Tutto accadde per caso una mattina del 14 gennaio 1506. Qualcosa di esaltante era venuto alla luce nella vigna di Felice de’ Fredis a Colle Oppio e la città entrò in fibrillazione. La notizia giunse alle orecchie di papa Giulio II Della Rovere che incaricò un palafreniere di recarsi sul posto. Vi giunse anche Giuliano da Sangallo insieme a Michelangelo. E subito riconobbe il Laocoonte, privo del braccio destro, descritto da Plinio il Vecchio, posto nel palazzo dell’imperatore Tito, realizzato a Roma dagli scultori rodii Hagesandros, Athanodoros e Polydoros, che hanno lasciato la firma anche nella Grotta di Tiberio, scoperta a metà del ’900 a Sperlonga. Sessant’anni dopo il fatto Francesco da Sangallo, che la vide sulle spalle del padre, racconta la scena in una lettera presente nella mostra che celebra il V Centenario dei Musei Vaticani «Laocoonte. Alle origini dei Musei Vaticani» aperta fino al 28 febbraio 2007 nella Sala Polifunzionale. La notizia si sparse nella città e i cronisti raccontano di un «giubileo» di gente che andava a vedere la scultura che de’ Fredis, per sicurezza, teneva in camera da letto. Nelle corti d’Europa si fece a gara per accaparrarsela, ma ebbe la meglio il papa che l’acquisì per la collezione che stava formando nel Cortile delle Statue del Belvedere, dove andò a fare compagnia ad altri capolavori come l’Apollo, nucleo fondante dei Musei Vaticani. La rassegna, divisa in cinque sezioni, narra, attraverso un centinaio di opere antiche e moderne, medaglie, codici, miniature, stampe, foto, dipinti e sculture di Vasari, Sansovino, Sodoma, Rubens, Bernini, Hayez, la storia della scoperta e la fortuna di una gruppo scultoreo entrato nell’immaginario collettivo, con cui si sono confrontati gli artisti di tutti i tempi. E il mondo della satira e della pubblicità, dei fumetti, dei computer e dei videogiochi.

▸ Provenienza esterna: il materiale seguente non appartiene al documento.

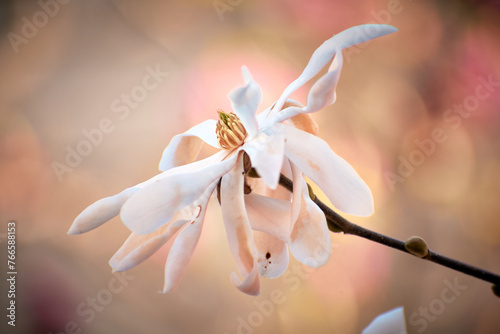 Magnolia flower blooming in the spring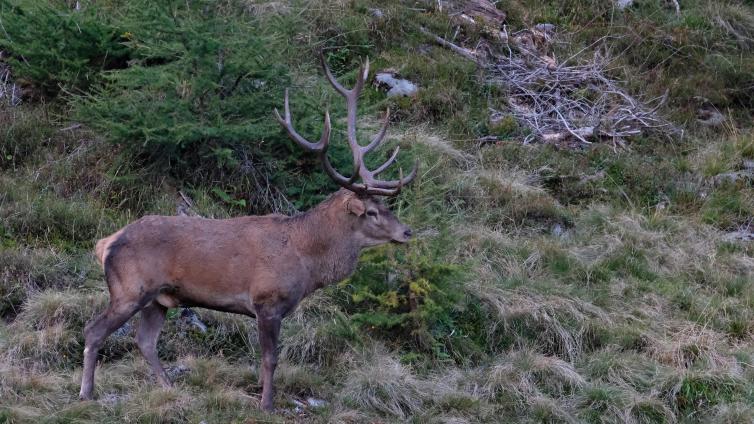 Herbst - Nature Watch von oben - Oberhaus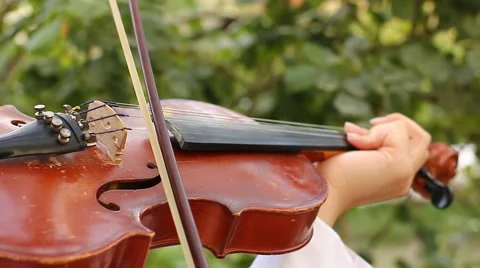 Violinist playing the violin Stock Footage 40467503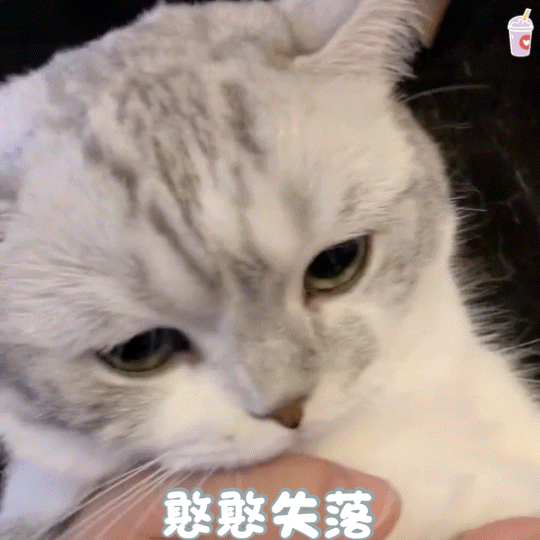 可爱沙雕的qq聊天表情包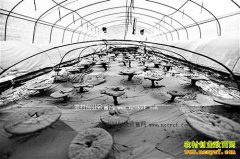 ����ǿ����˹������ֲ��֥1Ķ��֥������2��Ԫ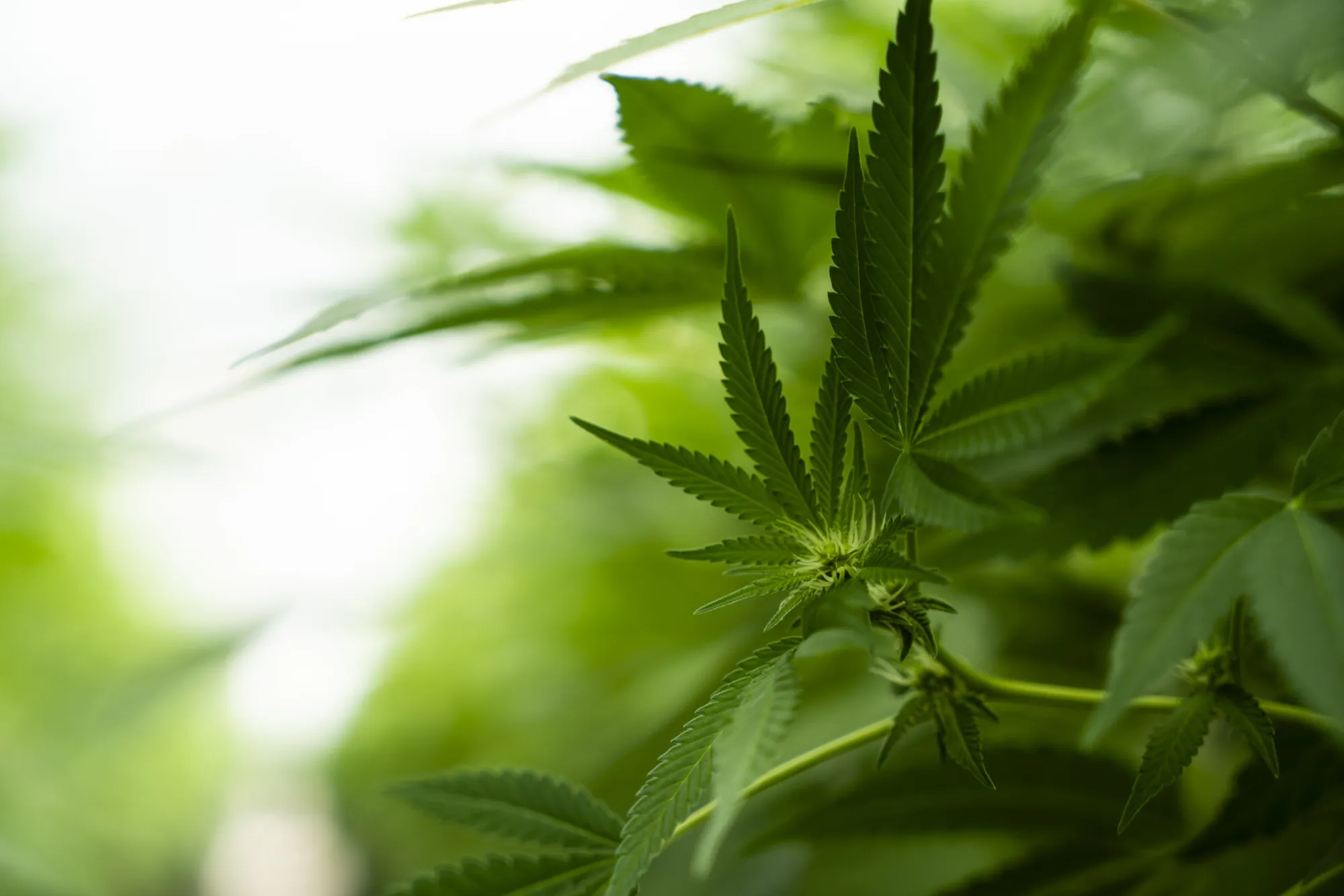 Budding marijuana plants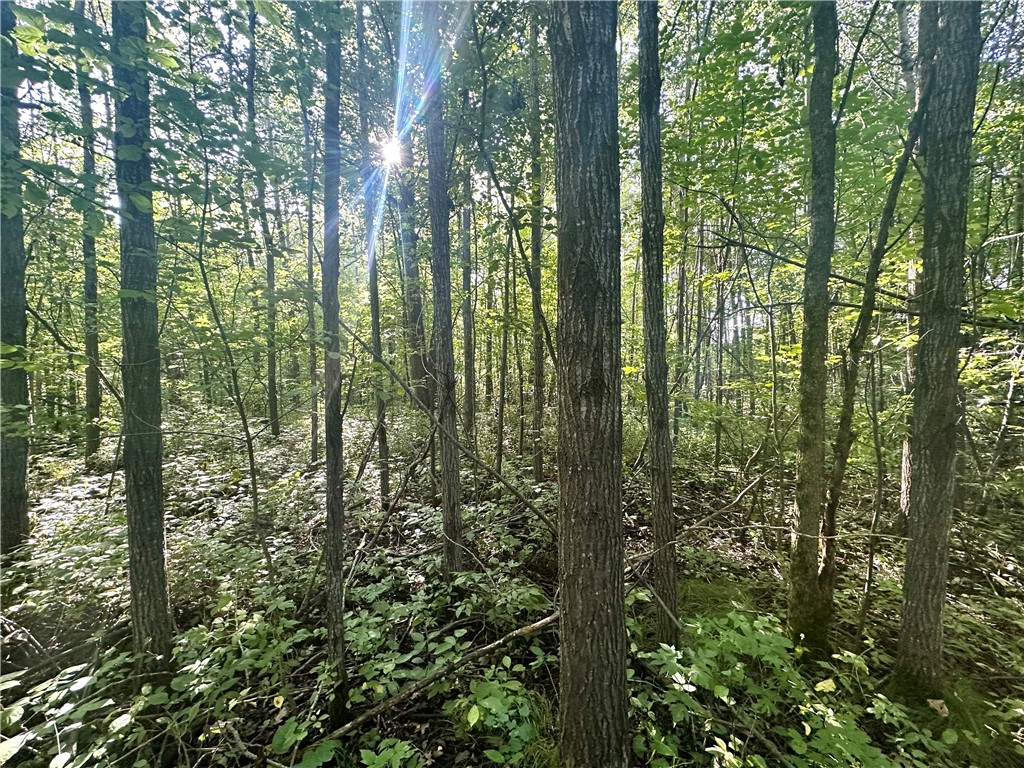 40 Acres. CTH D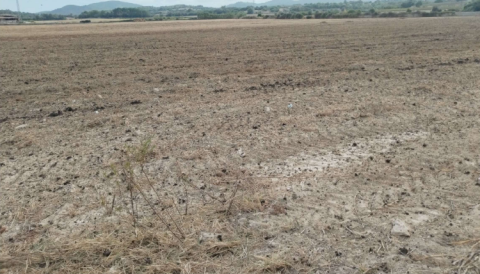 L’Ajuntament de Manacor ha traslladat a la Direcció General d’Agricultura, Ramaderia i Desenvolupament Rural la informació relativa a una possible mala pràctica en la gestió de gallinassa en una finca rústica del terme municipal. 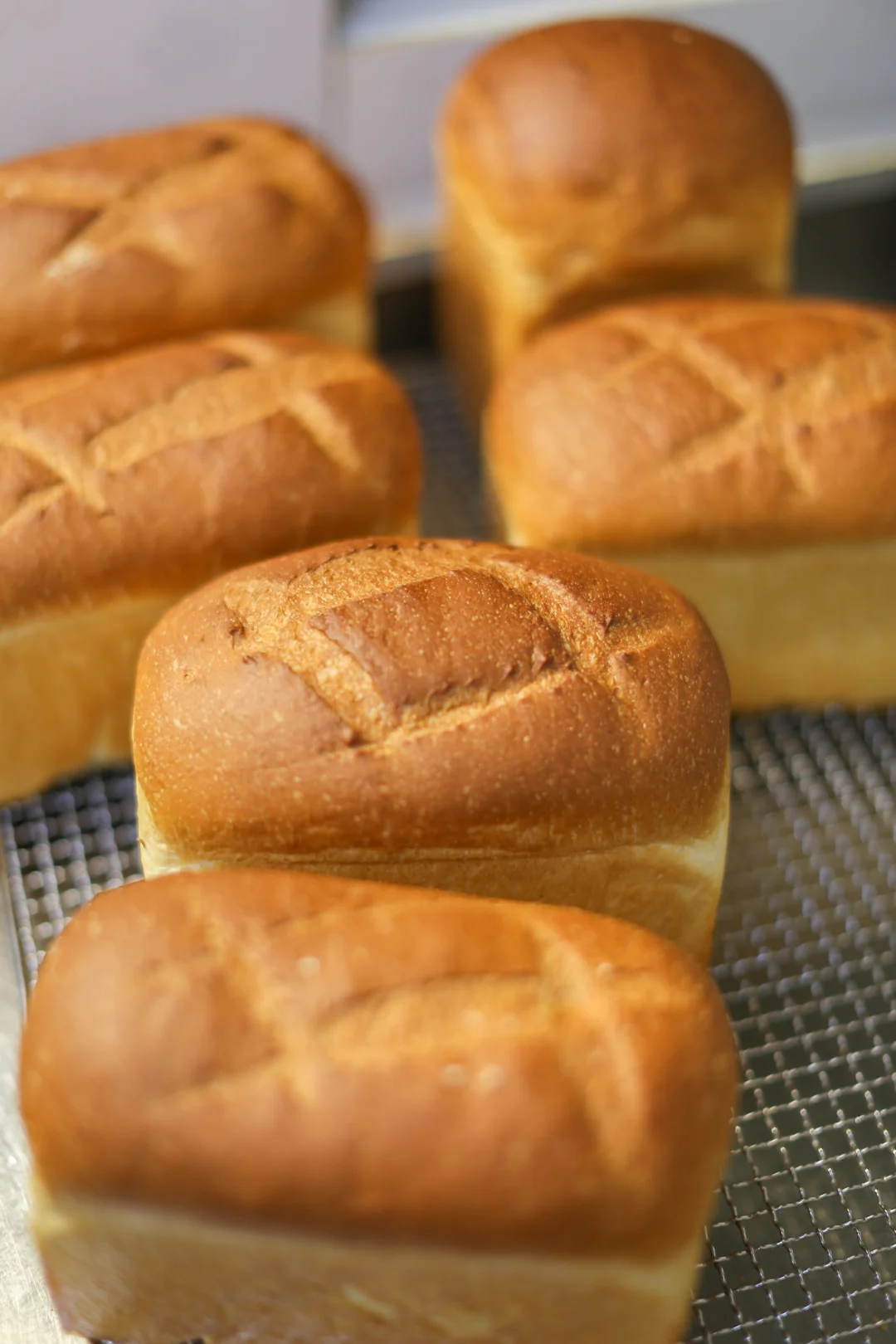 直接法做鲜奶红豆吐司｜香甜松软、奶味十足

Di fronte c’è il suo clone scuro, il calco in bronzo che Francesco I, non riuscendo a ottenere l’originale, si fece fare per Fontainebleau dal Primaticcio, che dovette lavorarci e ritoccarlo, lasciandovi la sua impronta. Accanto un altro esemplare, un calco in gesso «esploso» realizzato nel 1957 per il restauro da Filippo Magi che mostra le sette parti di cui è composto. Fu allora che venne applicato il braccio destro vero, ritrovato nel 1905 nella bottega di uno scalpellino sulla via Labicana. Fanno corona al sacerdote troiano e ai suoi figli avvinghiati dai boa e morsi dai serpenti velenosi, vittime sacrificali della caduta di Troia perché nasca Roma, l’affresco staccato da Pompei che mostra i protagonisti separati l’uno dall’altro, «Il domatore di serpenti» di Francesco di Giorgio da Dresda, il rilievo da Vienna con la flagellazione di Cristo come Laocoonte, fino alle opere dei contemporanei.

La sofferenza dell’uomo moderno in Hofer, l’acquerello metafisico e surreale di Fabrizio Clerici, il piccolo gesso patinato di Arturo Martini, immagine della disperazione e della solitudine dell'uomo moderno, il dissacrante Laocoonte tormentato dalle mosche di Dalí.